Evaluation of statistical climate reconstruction methods based on pseudoproxy experiments using linear and machine learning methods
- Helmholtz Zentrum Hereon, Institute of Coastal Systems, 21502 Geesthacht, Germany
- Helmholtz Zentrum Hereon, Institute of Coastal Systems, 21502 Geesthacht, Germany
Abstract. Three different climate field reconstruction (CFR) methods employed to reconstruct North Atlantic-European (NAE) and Northern Hemisphere (NH) summer season temperature over the past millennium from proxy records are tested in the framework of pseudoproxy experiments derived from three climate simulations with Earth System Models. Two of these methods are traditional multivariate linear methods (Principal Components Regression, PCR and Canonical Correlation Analysis, CCA), whereas the third method (Bidirectional Long-Short-Term Memory Neural Network, Bi-LSTM) belongs to the category of machine learning methods. The Bi-LSTM method does not need to assume linear and temporally stable relationships between the underlying proxy network and the targeted climate field, in contrast to PCR and CCA. In addition, Bi-LSTM incorporates information on the serial correlation of the time series. All three methods tested herein achieve reasonable reconstruction performance in both spatial and temporal scale. Generally, the reconstruction skill is higher in regions with denser proxy coverage, but reconstruction skill is also achieved in proxy-free areas due to climate teleconnections. All three CFR methodologies generally tend to more strongly underestimate the target temperature variations as more noise is introduced into the pseudoproxies. The Bi-LSTM method tested in our experiments shows relatively worse reconstruction skills compared to PCR and CCA, yet it brings some encouraging results on capturing extreme cooling climate signals. This indicates that this nonlinear CFR method could be a potential methodology for past climate extremes analysis.
Zeguo Zhang et al.
Status: final response (author comments only)
-
RC1: 'Comment on cp-2022-5', Anonymous Referee #1, 14 Mar 2022
The comment was uploaded in the form of a supplement: https://cp.copernicus.org/preprints/cp-2022-5/cp-2022-5-RC1-supplement.pdf
-
AC1: 'Reply on RC1', Zeguo Zhang, 21 Apr 2022
The comment was uploaded in the form of a supplement: https://cp.copernicus.org/preprints/cp-2022-5/cp-2022-5-AC1-supplement.pdf
-
AC1: 'Reply on RC1', Zeguo Zhang, 21 Apr 2022
-
RC2: 'Comment on cp-2022-5', Anonymous Referee #2, 29 Mar 2022
Summary: This manuscript applies a machine learning method known as Bidirectional Long-Short-Term Memory Neural Network (Bi-LSTM) to derive climate field reconstructions (CFRs) within the context of pseudoproxy experiments built on last millennium simulations generated with three different fully-coupled climate models. The results from Bi-LSTM are compared to results from two traditional CFR methods: principle component regression (PCR) and canonical correlation analysis (CCA). The authors find that all of the methods perform similarly, but skill metrics indicate that Bi-LSTM is not as skillful as the other two traditional methods. The one bright spot for Bi-LSTM is that is appears to capture cold extremes in NH and regional means better than the other two methods.

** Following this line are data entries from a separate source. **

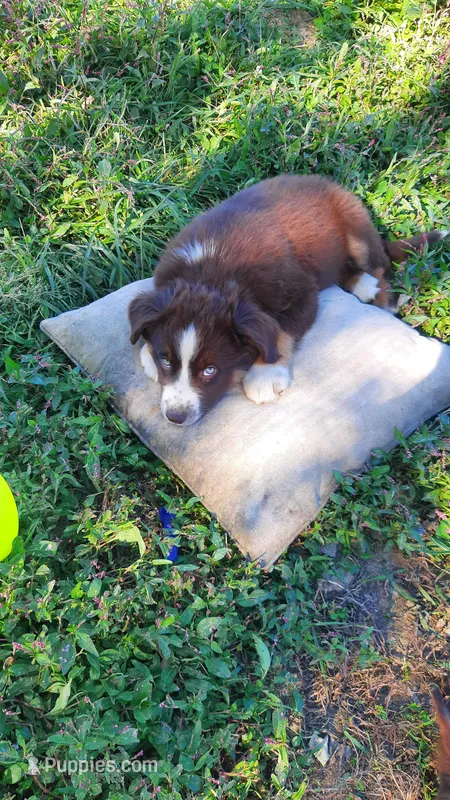 Ruger – Australian Shepherd puppy for sale in Amanda, OH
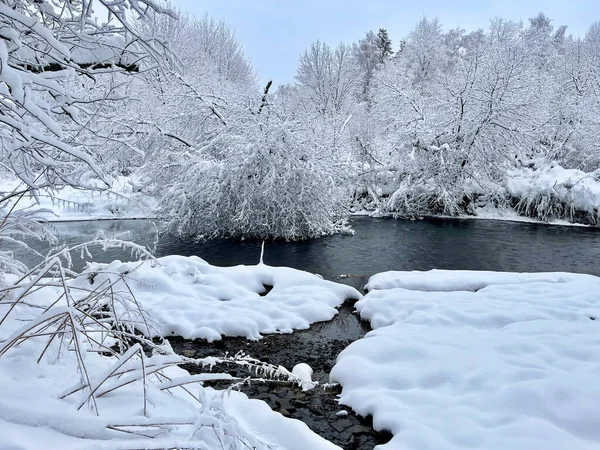 Nehir kışın Ozerna 'dır. Rusya, Moskova bölgesi, Ruzsky bölgesi
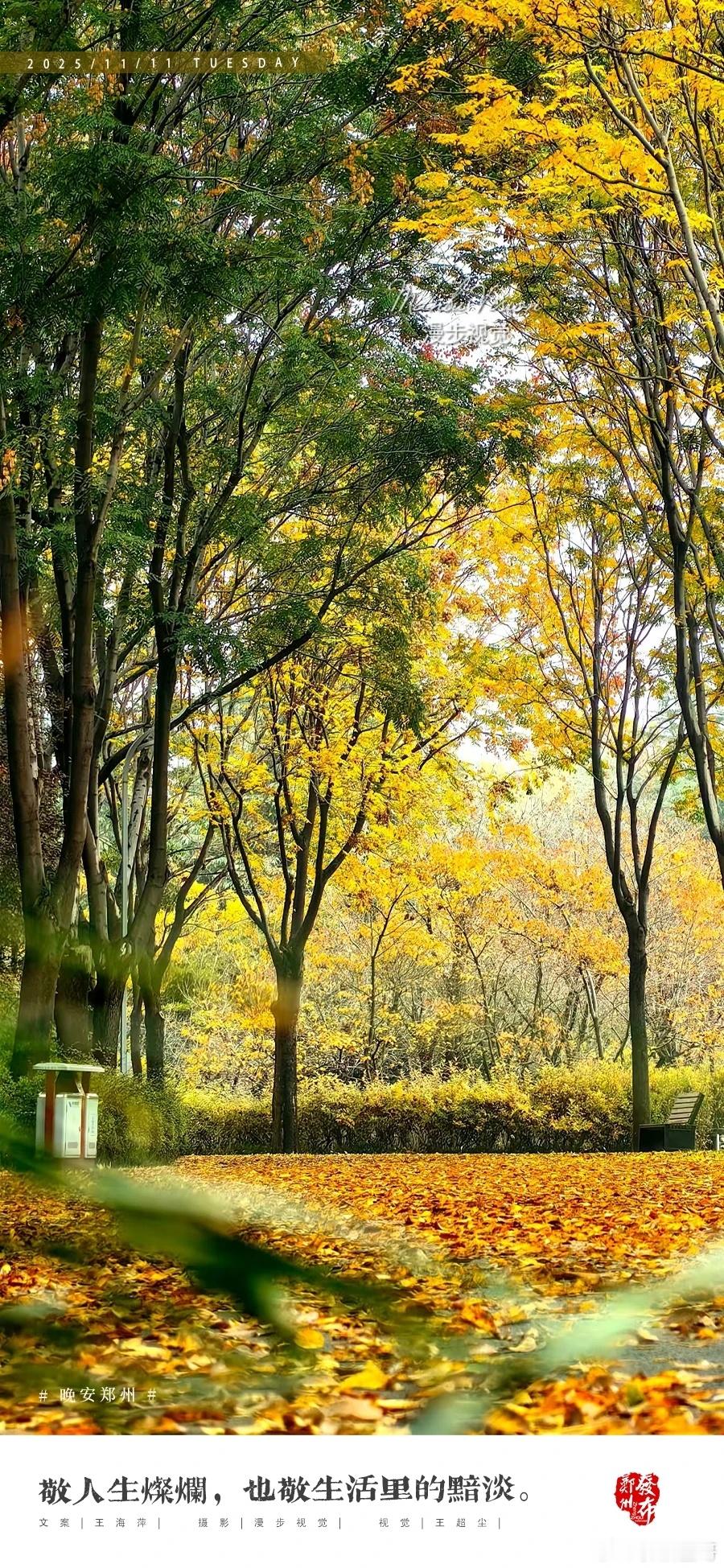 【晚安海报】敬人生灿烂，也敬生活里的黯淡。晚安，郑州！ 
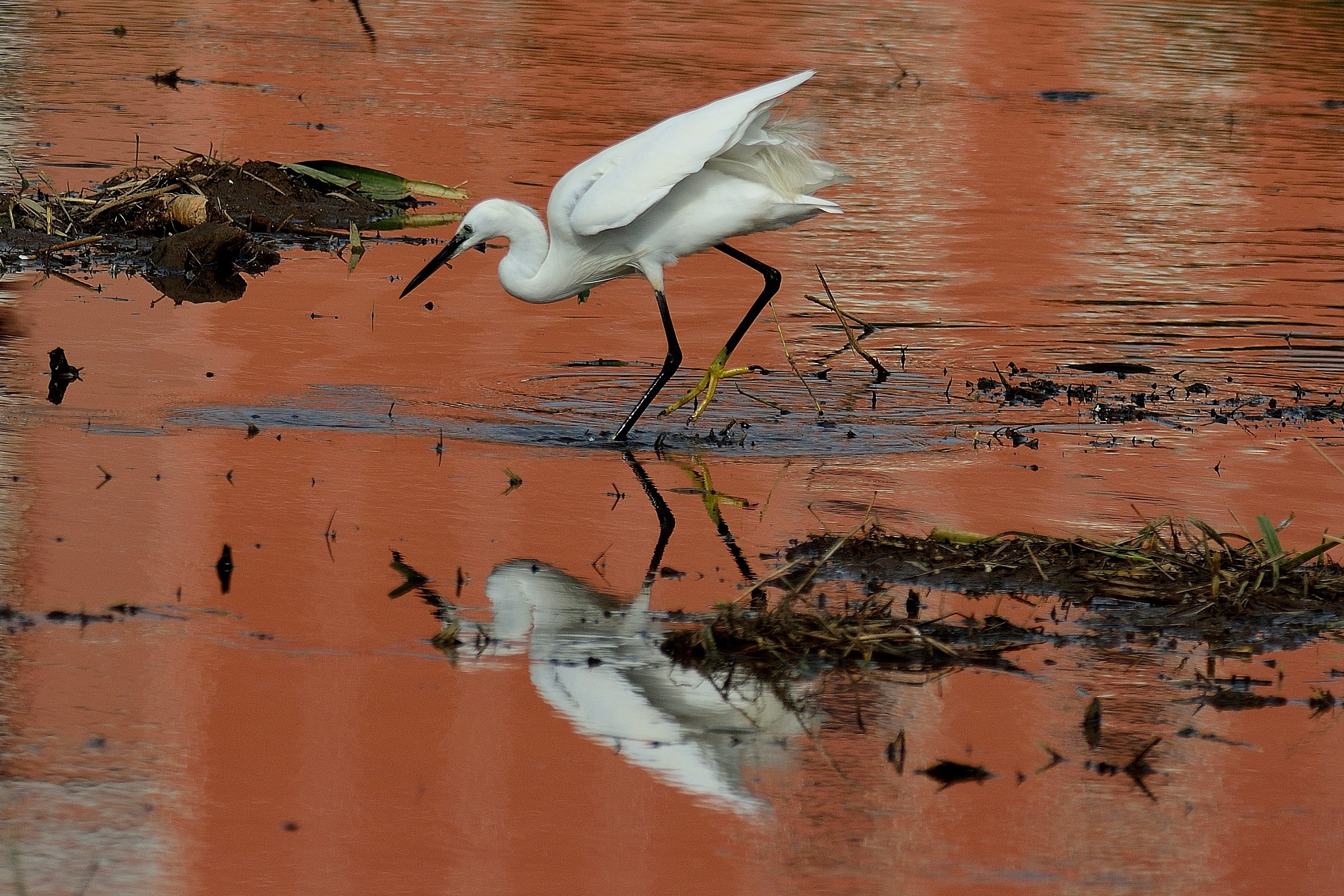 Egret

General Comments: The investigation of a non-linear machine learning method in the context of the CFR problem is interesting and important. It is useful to see how the method compares to more traditional methods and to see some well-established behaviors reproduced in the authors implementation of PCR and CCA, as well as in the Bi-LSTM method. Those behaviors include the loss of variance with the addition of realistic noise levels in the pseudoproxies and the tendency for skill to concentrate in well sampled areas of the pseudoproxy network. These findings are nevertheless not new and the presentation of the characteristics does not advance the field in a significant way. The application of Bi-LSTM is new, but the authors do not make a strong case for why this method should be applied. Of all the machine learning methods, why this one? Is Bi-LSTM particularly well suited for the CFR problem? Is the non-linear nature of the method or its incorporation of serial correlation important for the problem? Without strong arguments for why these characteristics are useful, the application of Bi-LSTM has the feeling of just being the method that the authors had sitting on the shelf. This should be remedied.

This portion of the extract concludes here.